Example. Suppose AR(\(2\)) is the correct model, but we overfit with AR(\(3\)). We can still confirm AR(\(2\)) over AR(\(3\)) if
- The parameter \(\phi_3\) is not significant (in AR(\(3\)) fitting).
- The estimated \(\widehat{\phi}_1,\widehat{\phi}_2\) in AR(\(3\)) are (almost) the same as the estimated value in AR(\(2\)) (we also need to fit an AR(\(2\)) for comparison). In addition, we can also look at their confidence intervals in both models, the corresponding CIs should overlap significantly.

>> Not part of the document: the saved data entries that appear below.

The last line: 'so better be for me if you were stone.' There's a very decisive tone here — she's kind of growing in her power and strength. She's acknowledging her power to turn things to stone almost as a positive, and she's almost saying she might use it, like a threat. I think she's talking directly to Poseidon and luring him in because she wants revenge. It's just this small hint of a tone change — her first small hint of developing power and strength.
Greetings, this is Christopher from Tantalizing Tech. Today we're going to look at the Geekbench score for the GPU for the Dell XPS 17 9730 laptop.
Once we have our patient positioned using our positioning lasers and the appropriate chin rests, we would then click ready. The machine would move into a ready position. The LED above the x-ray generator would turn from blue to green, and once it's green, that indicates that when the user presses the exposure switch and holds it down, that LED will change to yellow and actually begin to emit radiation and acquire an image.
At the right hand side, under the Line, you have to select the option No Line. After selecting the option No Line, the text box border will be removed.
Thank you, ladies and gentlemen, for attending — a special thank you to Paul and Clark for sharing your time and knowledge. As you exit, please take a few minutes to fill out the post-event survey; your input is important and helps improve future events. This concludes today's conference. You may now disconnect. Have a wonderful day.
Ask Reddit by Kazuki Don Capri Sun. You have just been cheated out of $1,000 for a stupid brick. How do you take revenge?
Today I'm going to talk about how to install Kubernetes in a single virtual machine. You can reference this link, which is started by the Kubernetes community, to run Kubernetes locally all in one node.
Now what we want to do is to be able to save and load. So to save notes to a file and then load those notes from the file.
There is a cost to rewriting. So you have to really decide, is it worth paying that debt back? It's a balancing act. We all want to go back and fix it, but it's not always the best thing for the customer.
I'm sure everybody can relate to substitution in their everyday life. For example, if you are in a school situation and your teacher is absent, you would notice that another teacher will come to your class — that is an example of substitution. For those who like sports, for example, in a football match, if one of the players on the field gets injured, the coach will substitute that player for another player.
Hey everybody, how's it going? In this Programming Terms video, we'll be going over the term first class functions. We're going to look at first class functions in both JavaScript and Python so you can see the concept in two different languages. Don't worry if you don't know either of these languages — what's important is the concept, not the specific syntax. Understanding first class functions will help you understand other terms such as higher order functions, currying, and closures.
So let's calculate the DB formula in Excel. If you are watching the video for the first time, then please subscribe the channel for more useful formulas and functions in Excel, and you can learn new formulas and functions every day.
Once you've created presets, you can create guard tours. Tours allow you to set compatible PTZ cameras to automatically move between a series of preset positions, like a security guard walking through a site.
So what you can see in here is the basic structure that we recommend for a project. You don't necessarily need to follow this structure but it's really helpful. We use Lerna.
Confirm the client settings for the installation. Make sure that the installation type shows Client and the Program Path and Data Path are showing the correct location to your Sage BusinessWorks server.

Similarly, we can also overfit an ARMA(\(2,1\)) model, and compare it to AR(\(2\)).
Caution: do not fit an ARMA(\(3,1\)) model and compare it to AR(\(2\)).
In general, we can compare ARMA(\(p,q\)) with ARMA(\(p+1,q\)) or ARMA(\(p,q+1\)) for model diagnostics, but not ARMA(\(p+1,q+1\)). Overfitting ARMA(\(p+1,q+1\)) to an ARMA(\(p,q\)) leads to parameter redundancy/unidentifiability. This is because: suppose the correct model is an ARMA(\(p,q\)) \[ \underbrace{\Phi(B)}_{\text{order } p} \ Y_t = \underbrace{\Theta(B)}_{\text{order } q} \ e_t, \] then the following holds for any \(c\) \[ \underbrace{(1-cB)\Phi(B)}_{\text{order } p+1} \ Y_t = \underbrace{(1-cB)\Theta(B)}_{\text{order } q+1} \ e_t, \] so fitting ARMA(\(p+1,q+1\)) for this \((Y_t)\) is unidentifiable (parameters cannot be estimated, holds for any \(c\)).